Perpres itu tidak ada menugaskan Menkes untuk menjual Vaksin (hanya membeli). Hal itu berarti vaksinasi dilakukan sebagai suatu program pemerintah. Program pemerintah itu semuanya gratis, seperti program PKH, BLT dan Program Bansos lainnya.

Bahkan pada pasal 13, Kemenkes diamanahkan juga untuk, menentukan kriteria dan prioritas penerima vaksin; prioritas wilayah penerima vaksin; jadwal dan tahapan pemberian vaksin; dan standar pelayanan vaksinasi. Artinya ada proses pentahapan dari sisi sasaran dan lokasi wilayah, serta akhirnya keseluruh masyarakat Indonesia di seluruh wilayah.

Perlu dicatat Perpres tidak memberi penugasan kepada Menteri BUMN untuk melaksanakan vaksinasi mandiri. Tugas Kementerian lain dan LPNK adalah sebagai supporting untuk memperlancar proses percepatan pengadaan Vaksin dan pelaksanaan vaksinasi sesuai tupoksinya masing. Kementerian yang ditunjuk dan terkait adalah Kemenkeu, Kemendagri, Kemenlu, BPKP, LKPP, TNI/Polri, Kejagung, Gubernur dan Bupati/Walikota.

Namun kita cermati Permenkes 6890/2020, Tentang Penetapan Jenis Vaksin Untuk Pelaksanaan Vaksinasi Covid-19, isinya belum komprehensif sebagai yang dimaksudkan dalam Perpres 99/2020.

Permenkes itu, hanya mencantumkan jenis, sedangkan Perpres mencantumkan bukan saja jenis tetapi jumlah vaksinnya. Apakah Menkes ada menerbitkan Permenkes tentang jumlah vaksin, belum ada informasi hal itu.
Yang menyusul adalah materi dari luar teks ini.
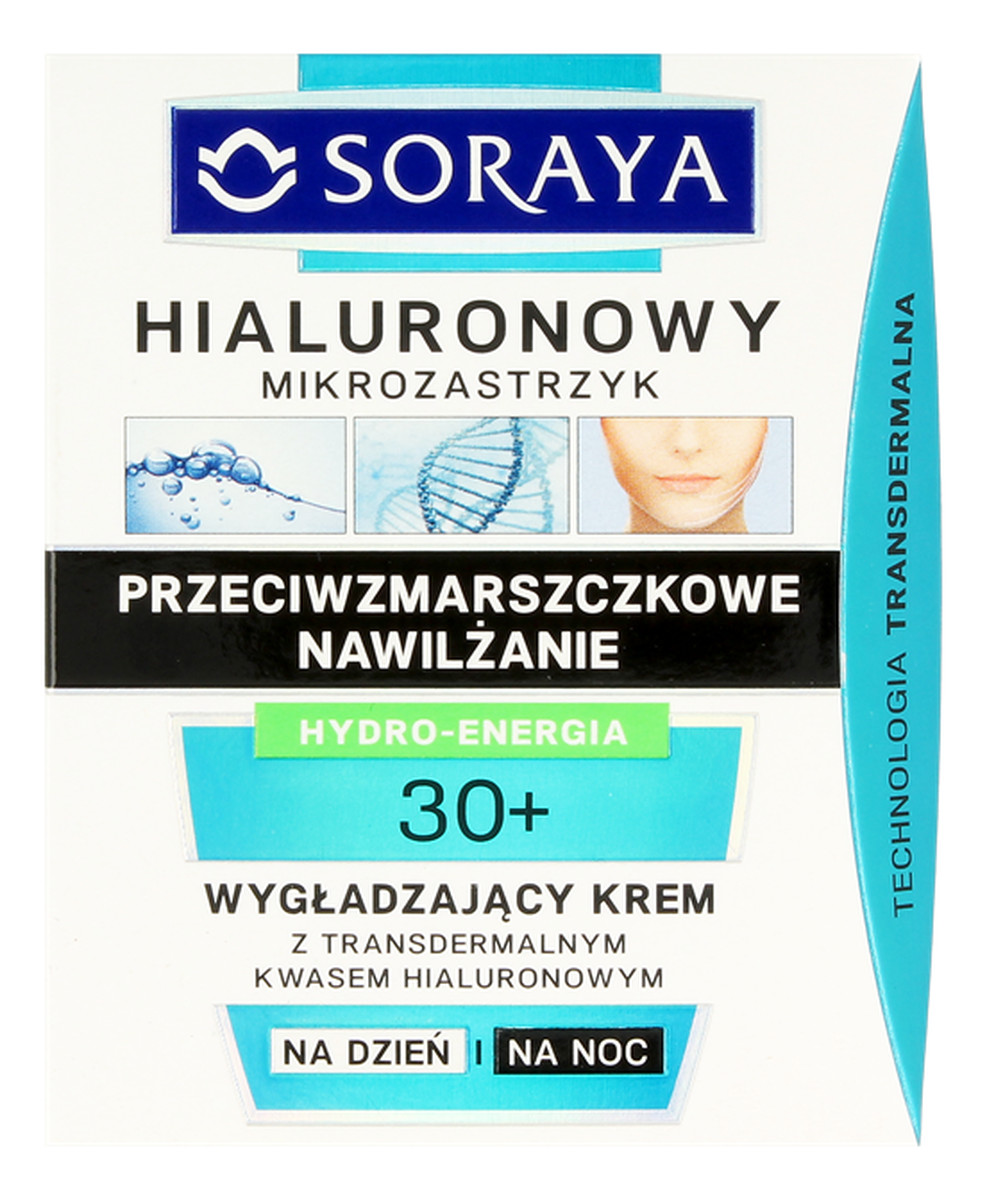 Wygładzający Krem Na Dzień i Noc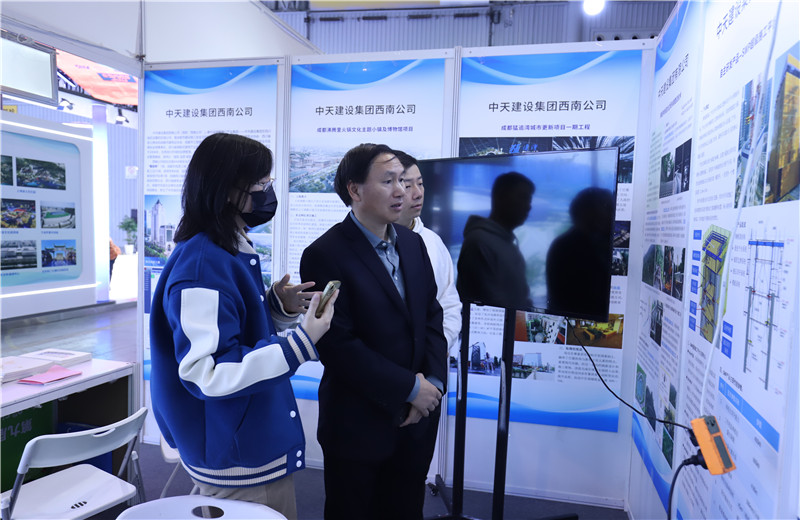 2023年11月16日至18日第三屆川渝住房城鄉建設博覽會在成都召開，西南公司攜集團SWP自主研發鋼平臺提升技術、鋼結構棧道全過程關鍵建造技術參加會議。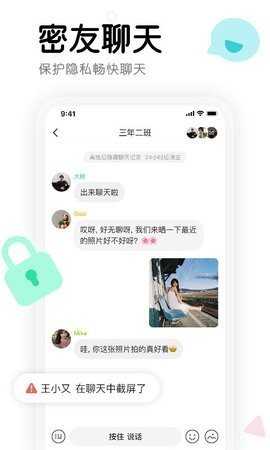 窝窝语音安卓版
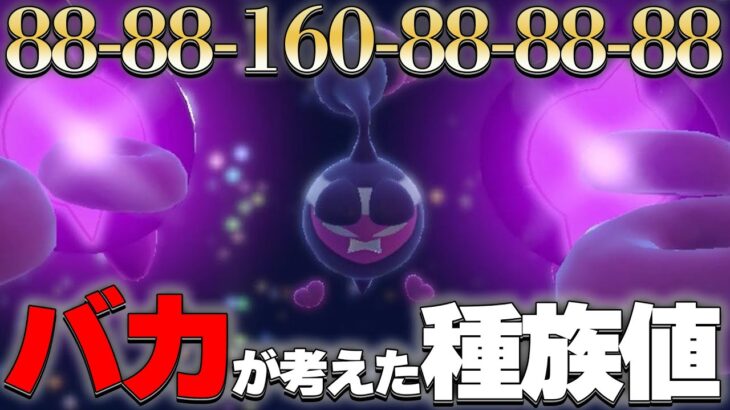 急に公開された新ポケモン「モモワロウ」、種族値も性能も全てがバカすぎる【ポケモンSV】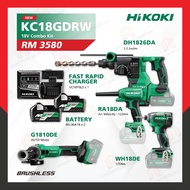 HIKOKI KC18GDRW 18V Cordless Combo Tool Set (G1810DE + RA18DA + DH1826DA + WH18DE)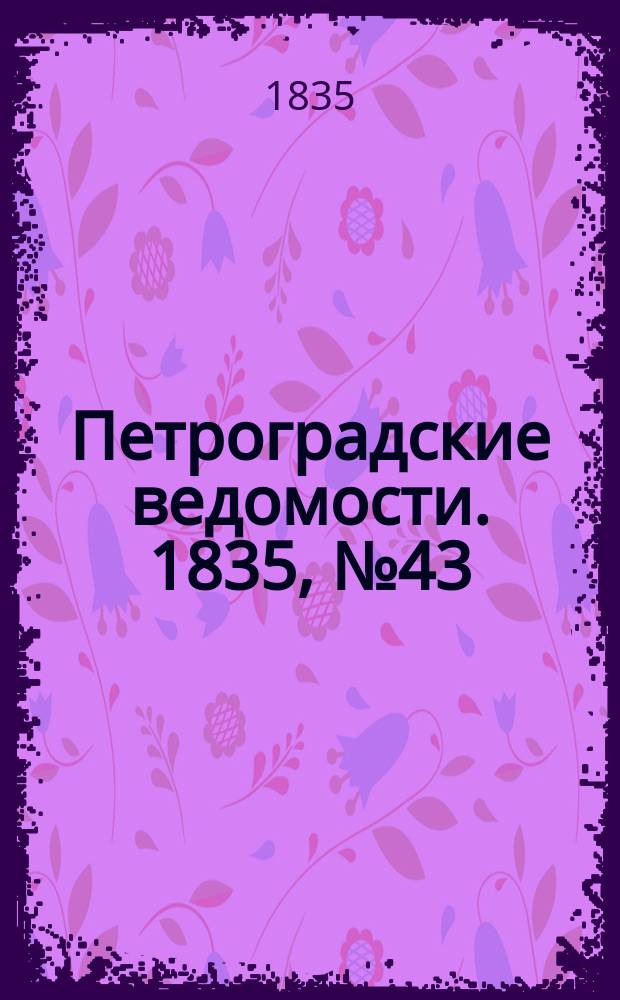 Петроградские ведомости. 1835, № 43 (22 февр.)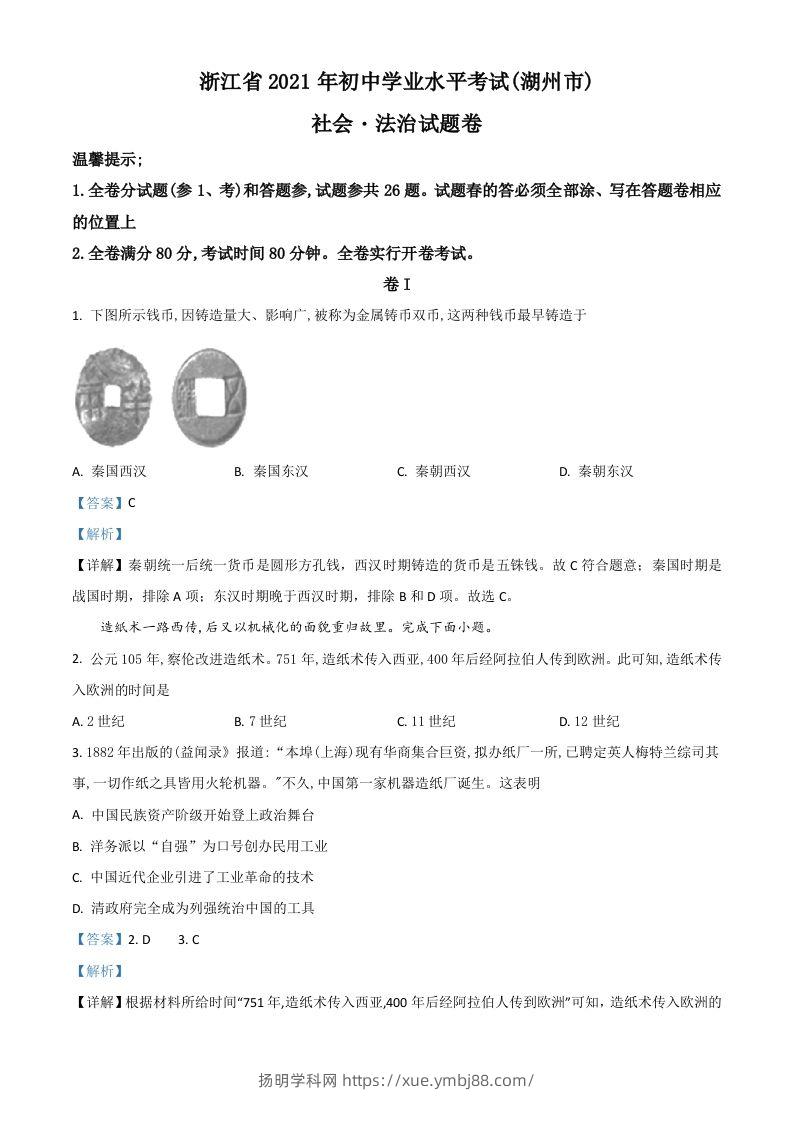 浙江省湖州市2021年中考历史试题（含答案）-扬明学科网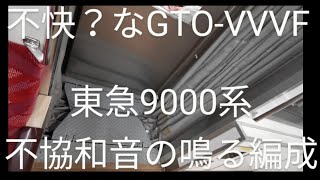 東急9000系、VVVFがずれて不協和音が鳴る9010F編成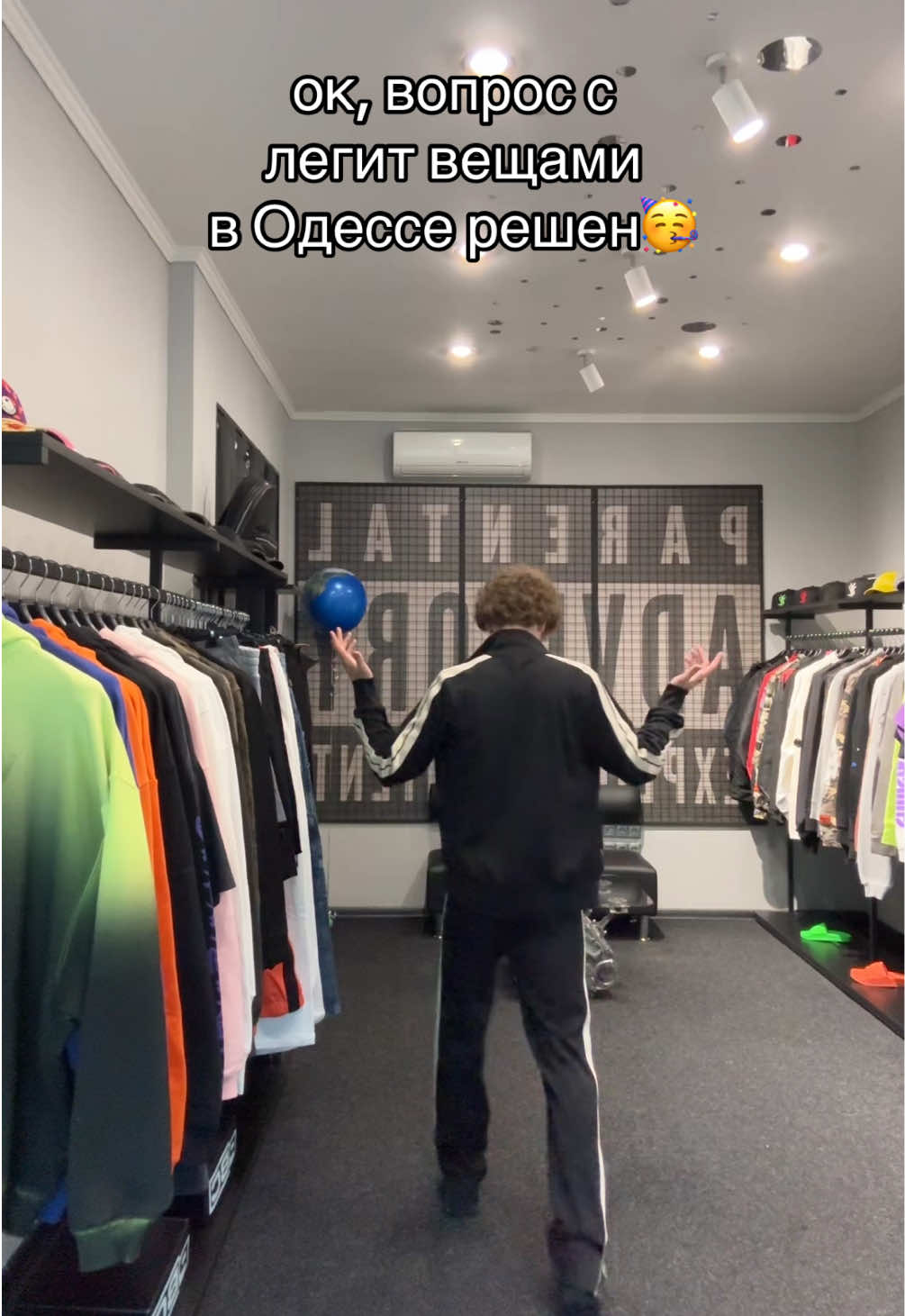 @ТГК: dooperxxstore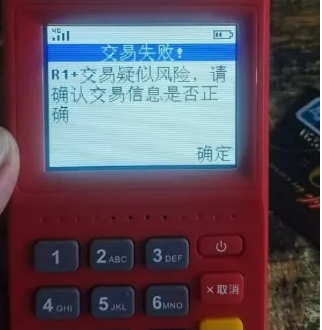 20250320111640_47424.png 475f3ff8-8fcf-43a7-bc88-e1449529f316.png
Tetapi di berbagai media sudah dipublikasi pemerintah akan membeli sekian juta unit vaksin, dan saat ini sudah datang 1,2 juta unit Sinovac dari China, dan menyusul 1,8 juta unit lagi.

Menariknya Permenkes 6890/2020, bukan saja menetapkan jenis vaksin yang ditetapkan yaitu :AstraZeneca; Sinopharm; Moderna; Pfizer Inc and BioNTech; dan Sinovac Biotech Ltd, tetapi juga menunjuk Menteri BUMN untuk melaksanakan vaksinasi mandiri.

Penetapan Menteri BUMN itu, melampui wewenang Menkes yang ditetapkan dalam Perpres 99/2020. Jika hal tersebut dilanjutkan, akan menimbulkan persoalan hukum yang akan menyulitkan Kementerian Kesehatan.

Apalagi Menteri BUMN sudah merencanakan menyediakan vaksin untuk vaksinasi mandiri kepada 75 juta penduduk dengan berbayar. “Harganya tidak akan memberatkan pemerintah. Kisaran harganya Rp 200.000,” kata Direktur Utama Bio Farma Honesti Basyir, dikutip dari pemberitaan Kompas.com, 13 Oktober 2020.

Mari kita hitung berapa besar uang yang harus dikeluarkan dari kocek rakyat Indonesia yang harus membayar dua kali suntik, yaitu 75 juta penduduk, di kali Rp. 400 ribu. Berapa ya?, Rp. 30 triliun!

Presiden Jokowi: Vaksin Covid-19 gratis untuk masyarakat

Rabu (16 Desember 2020), Presiden Jokowi mendeklarasikan Pemerintah menyediakan Vaksin Covid-19 secara gratis kepada seluruh masyarakat, dan juga menyediakan dirinya sebagai orang pertama yang siap di suntik vaksin. Surprise!. Pernyataan Presiden dipublikasikan luas di media cetak dan elektronik. Pernyataan itu konsisten dengan Perpres 99/2020 yang diterbitkan pada 5 Oktober 2020 yang lalu.

Oleh karena itu, Menkes harus mencabut Permenkes 6890/2020, yang diterbitkan 5 Desember 2020. Menarik diktum Kelima, yaitu “penunjukan Menteri BUMN untuk melaksanakan vaksinasi mandiri”.

Jika Menkes tidak segera mencabut atau merevisinya, akan menimbulkan kebingungan dan keresahan di masyarakat, sebab Presiden sudah menyatakan vaksin untuk seluruh masyarakat secara gratis, tapi aturan Menkes masih menyebut vaksinasi mandiri, yang dilaksanakan Menteri BUMN.